Story for CM? Get in touch via email: [email protected]

Comments

  1. This is a great read. I’m new to HR and the construction industry – my first 2 clients are small developers – I think it’s interesting and diverse. I’m also nearly 50 and started my business because I felt unemployable. I’m proud to have become a Construction Ambassador – I’d welcome the opportunity to help builders demonstrate their skills and be recognised – apprentices can only learn from those already having the experience they need – collaboration is key.

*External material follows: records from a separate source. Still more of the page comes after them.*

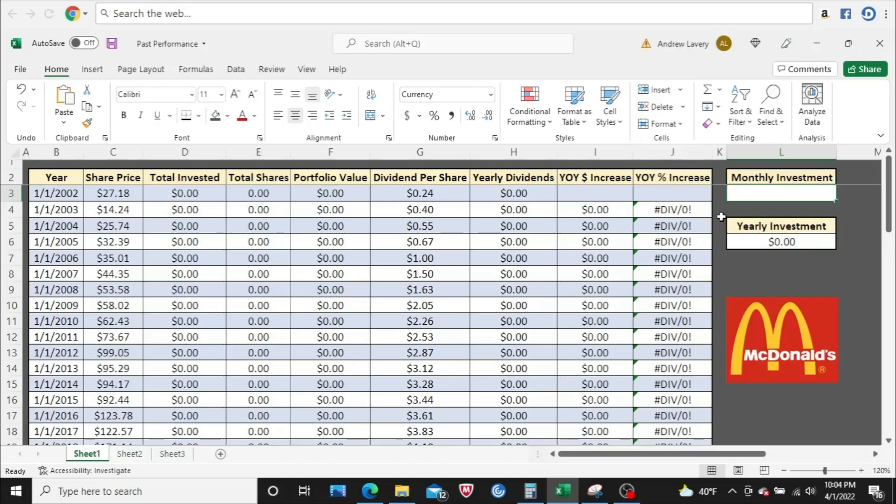In this video, we're going to take a look at McDonald's and look back 20 years to see if we had started investing in McDonald's on January 1st, 2002, investing regularly every month, how much would we have today in annual dividend income? What would McDonald's be paying us? How many shares would we own today? How much would those shares be worth?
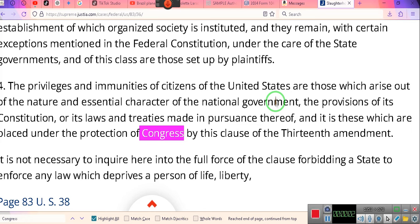Now, ladies and gentlemen, we just talked about that 14th so-called Amendment citizen. Let's prove to you that the 14th so-called Amendment citizen is a creature of statute. Pay attention, follow what I'm saying. 14th Amendment citizen — the United States citizen is a creature of statute.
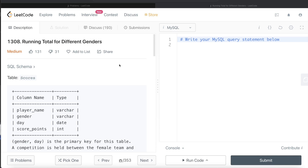Hey guys, welcome back to the channel. This channel, Everyday Data Science, is all about trying to learn different concepts involved in data science by practicing a lot of questions. In this video, I'm going to solve a LeetCode question regarding running total for different genders, and try to walk you through how we can develop solutions to such problems.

  2. This has been a concern for some time on the sites, but no one seems to want to lift their head out of the sand and acknowledge it. I am currently a tutor in my local college lecturing (full time served Joiner on sites) on building trades, I personally see the academic level of student very weak.
    The old chestnut the Government are to blame but I feel strongly in this case that they are, students have been pushed towards higher academic studies and trades are below them, hence place them in a trade out of the way for a period till they get benefits. This has resulted in the trend of poor apprentices we put out today and resulting in no young apprentices in the trades.

  3. A number of useful recommendations in this report, but the nub of the difficulty comes down to identifying the right competence mix required for unknown future requirements. Dynamic Knowledge has been working on this for 15+ years and now has a tool that members, firms & professional bodies can use to inform their own resource planning. Anyone interested in finding out more, do get in touch.

  4. I’m sure that the reliance on asking for qualified staff and workers to have to keep re-applying for the like of CSCS ID cards and various alphabet soup ‘qualifications?’; When the cards expire an experienced worker then has to consider whether to pay for annother card for getting back into employment. It probably is not worth the hastle nor the fifty or so quid, unless a job is already offered.

  5. There is absolutely no need for meaningless cards as proof of competency. They prove nothing. If the CSCS card scheme were a private company it would be considered a scam. I am a 60 yr old brickie. My card has expired. To renew my card I am told I must now hold a Skilled worker card. I have to send in my qualifications, plus payment, and the card will be issued. My problem is that I have no qualifications, apart from 43 years experience from when I was site trained by a COMPETENT bricklayer. I am told I can’t obtain a card but must be assessed either in a college or possibly on site. For the pleasure of this insult I will also have to pay around £700 for the privilege. It is a sick joke and indicative of the society in which we now live. A society which deems a worthless card or piece of paper to be more valuable than a lifetimes experience. Why is everyone shocked that we have a shortage of skills in our industries. The likes of myself in construction, be they brickies, plumbers, joiners etc, came into the industry because we were’nt that good at school. Why then would you put them back in a classroom to learn their trade. On the job experience is the ONLY way to learn your skills. If I were to apply for this card it would last at best 5 years, WHY ? The answer ?, to steal more cash off you in order to employ more box tickers. The Health and Safety industry will argue that if it saves ONE life then its worth it. The trouble is it has changed nothing. Major scaffoldings still collapse, people still fall off ladders, who is incompetent then, the scaffolder or the Safety officer who inspects it. The truth is that the HSE have interfered so much that most workers don’t listen to site inductions or tool box talks because they are sick and tired of being spoken down to by tinpot nobodies in bright yellow jackets who have no knowledge and produce absolutely nothing. People will always do stupid things and the more you take away their ability to think for themselves, the more accidents they will have. On a job I attended the other day there were 7 people in the site offices punching away on their laptops, and fewer than that actually producing out on site. The company was working for the council who of course have to be seen to be conforming. This is madness and I would love to think it can’t continue, but I’m not holding my breath.
    Will I apply for the new card ? Not if I can secure enough work for myself and my team with builders who still have a modicum of common sense. If there are enough of us who will stand up and fight this nonsense, please let me know and maybe we could lobby Parliament. After all, there is no point bleating about a shortage of experienced men if you are forcing them out with overbearing nannying. I know there are hundreds of thousands like myself who share my thoughts on this. Its about time we stood up for ourselves and returned to sanity.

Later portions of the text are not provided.